The Pradhan Mantri MUDRA Yojana (PMMY) was launched in 2015 to support entrepreneurship by providing collateral-free micro-loans. The scheme was initially designed to offer loans up to ₹10 lakh to small and micro-enterprises. The Union Budget 2024 has increased the loan limit for the Tarun category to ₹20 lakh, signaling an upgrade to MUDRA 2.0.

ABOUT PMMY

Overview:

  • Initiative: Pradhan Mantri Mudra Yojana (PMMY) is a flagship program by the Government of India.
  • Launch Year: 2015.
  • Aim: To provide affordable credit to micro and small enterprises.
  • Objective: To integrate underserved enterprises into the formal financial system by offering easy access to credit.

Key Features:

  • Goal: “Fund the unfunded” by enabling small borrowers to secure loans from various financial institutions.
  • Financial Institutions: Public Sector Banks (PSBs), Regional Rural Banks (RRBs), Cooperative Banks, Private Sector Banks, Foreign Banks, Micro Finance Institutions (MFIs), Non-Banking Financial Companies (NBFCs).

LOAN DETAILS

  • Loan Amount: Up to ₹10 lakh for non-farm income-generating activities.
  • Sectors: Manufacturing, processing, trading, and services.
  • Eligibility: Any Indian citizen with a viable business plan for a non-farm sector income-generating activity requiring credit below ₹10 lakh can apply.

CATEGORIES OF LOANS

  • Shishu:
  • Loan Amount: Up to ₹50,000.
  • Target: New and micro enterprises.
  • Kishore:
  • Loan Amount: ₹50,000 to ₹5 lakh.
  • Target: Businesses in the growth phase.
  • Tarun:
  • Loan Amount: ₹5 lakh to ₹10 lakh.
  • Target: Businesses looking to expand further.

ACHIEVEMENTS OF MUDRA 1.0

  • Loan Disbursement: Over ₹27.75 lakh crore disbursed to 47 crore small and new entrepreneurs.
  • Inclusivity: About 69% of loan accounts are held by women, and 51% are from SC/ST and OBC
  • Job Creation: Significant impact on the grassroots economy, promoting self-employment and small business development.

CHALLENGES

  • Unequal Distribution: Disbursement concentrated in a few districts, with the top 10 districts receiving over ₹26,000 crore, while the bottom 318 districts received the same amount in FY 2021-22.
  • Non-Performing Assets (NPAs): NPAs decreased from 61% in FY21 to 2.1% in FY24. Highest NPAs observed in Kishore (₹50,001 to ₹5 lakh) and Shishu (up to ₹50,000) categories.
  • Financial Literacy: Only 27% of the population is financially literate, contributing to loan defaults and mismanagement.
  • Monitoring and Implementation: Inadequate oversight led to misuse of funds and inconsistent credit distribution.
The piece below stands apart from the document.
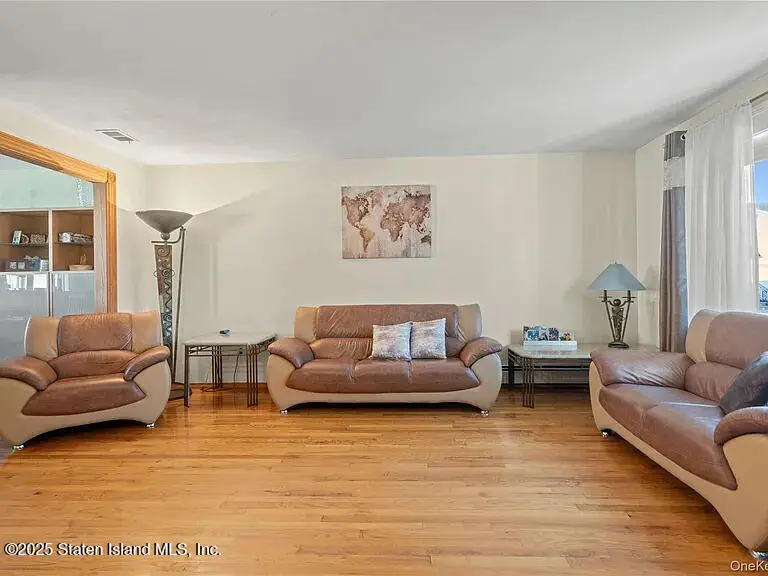 29 Ashwood Court Court, Staten Island, NY 10308 - Image #3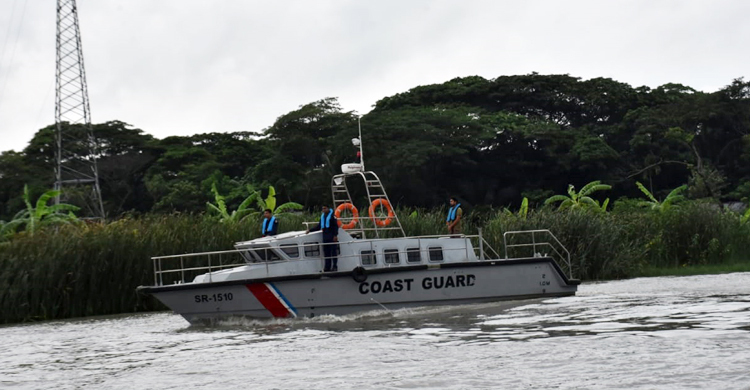 সিলেট-সুনামগঞ্জের উদ্দেশ্যে রওনা দিয়েছে কোস্টগার্ডের ৪ নৌযান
KEY PROPOSALS IN MUDRA 2.0

  • Focused Outreach and Empowerment Zones: Establish centres in rural and semi-urban areas providing financial literacy programs, mentorship, and business support.
  • Financial Literacy Programs: Nationwide initiatives to educate on budgeting, savings, credit management, investment strategies, and digital literacy. Aim to reduce default rates and improve the financial health of entrepreneurs.
  • Enhanced Credit Guarantee Scheme (ECGS): Introduce ECGS to encourage banks to lend more by providing credit guarantees, thereby reducing the risk for financial institutions.
  • Robust Monitoring and Evaluation Framework (RMEF): Implement technology-driven systems to track loan disbursements, utilization, and repayments in real-time. Include beneficiary impact assessments to measure socio-economic outcomes and guide policy improvements.
  • Data Analytics and Beneficiary Tracking: Utilize data analytics to identify and support enterprises in need of assistance. Improve targeting and allocation of resources based on data-driven insights.